The Red Dress Club

Today’s Red Dress Club prompt: write non-fiction based on memories inspired by the above photo!
My friend Michelle and I were hanging out one weekend, trying to find something fun to do. As sophomores in high school, we tried to be a little badass, but at the same time play the goody-two-shoes roles we were primarily suited for. It got boring making good grades, cramming into the photo booth at the movie theater, and taping ourselves with my parents’ video camera while we sang INXS songs (Don’t ask me/What you know is true/Don’t have to tell you/I love your precious heart/). We wanted to do something really bad. Something cool. Something we ordinarily wouldn’t because we were too good.

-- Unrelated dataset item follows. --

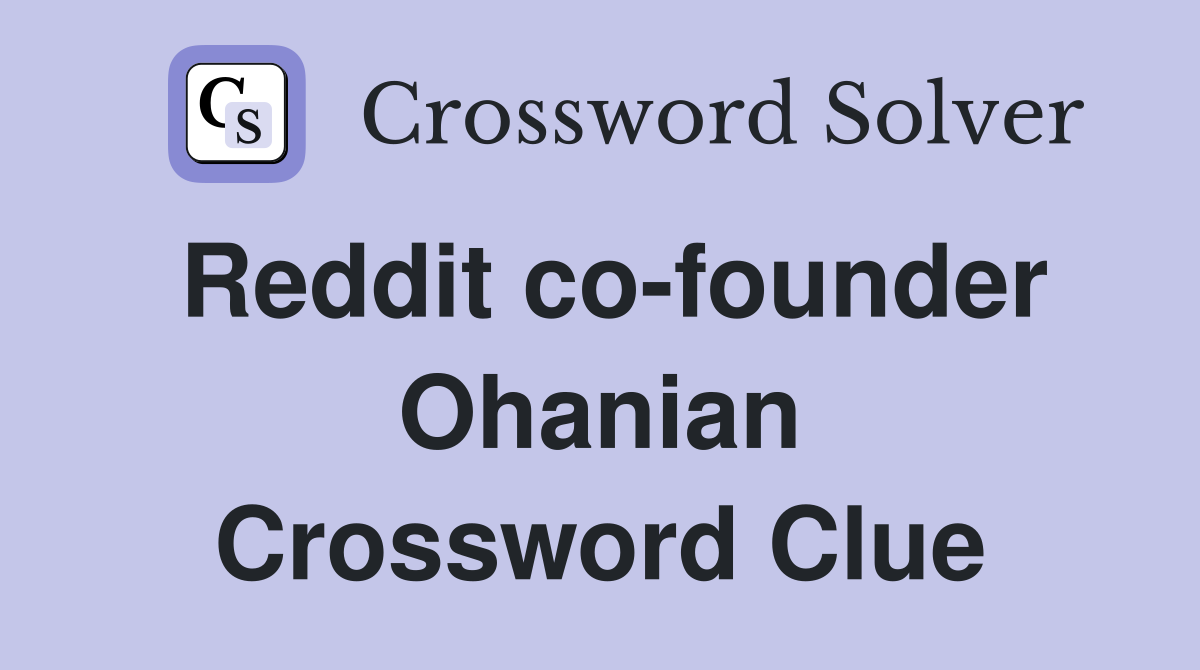 Reddit co-founder Ohanian Crossword Clue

We peered into my fridge and saw the box of pink Franzia wine my mother had grown to love lately. Franzia made its first appearance when my dad came out of the closet; because really, how else does one cope with her husband’s sudden revelation that he’s gay after 20 years of marriage? But the wine wasn’t appealing. Besides, we could drive through the Daiquiri Stop any old time (remember: this is New Orleans!). We were 15 year-olds, not wine connoisseurs.
Inside mom’s purse on the counter I spied a pack of her Benson & Hedges cigarettes. There were a few already missing so we figured she wouldn’t miss another two. We each took one and scuttled up the stairs two at a time, stealthy as mice.
We went to my room and locked the door behind us, whispering and giggling. We’d never smoked a cigarette before and couldn’t contain our excitement. Frankly it was hypocritical of me because I’d been leaving my mom nasty notes bitching about her smoking and non-mom-like behavior, such as sleeping over at her boyfriend’s house. But the rebel in me still yearned to know what all the smoking fuss was about.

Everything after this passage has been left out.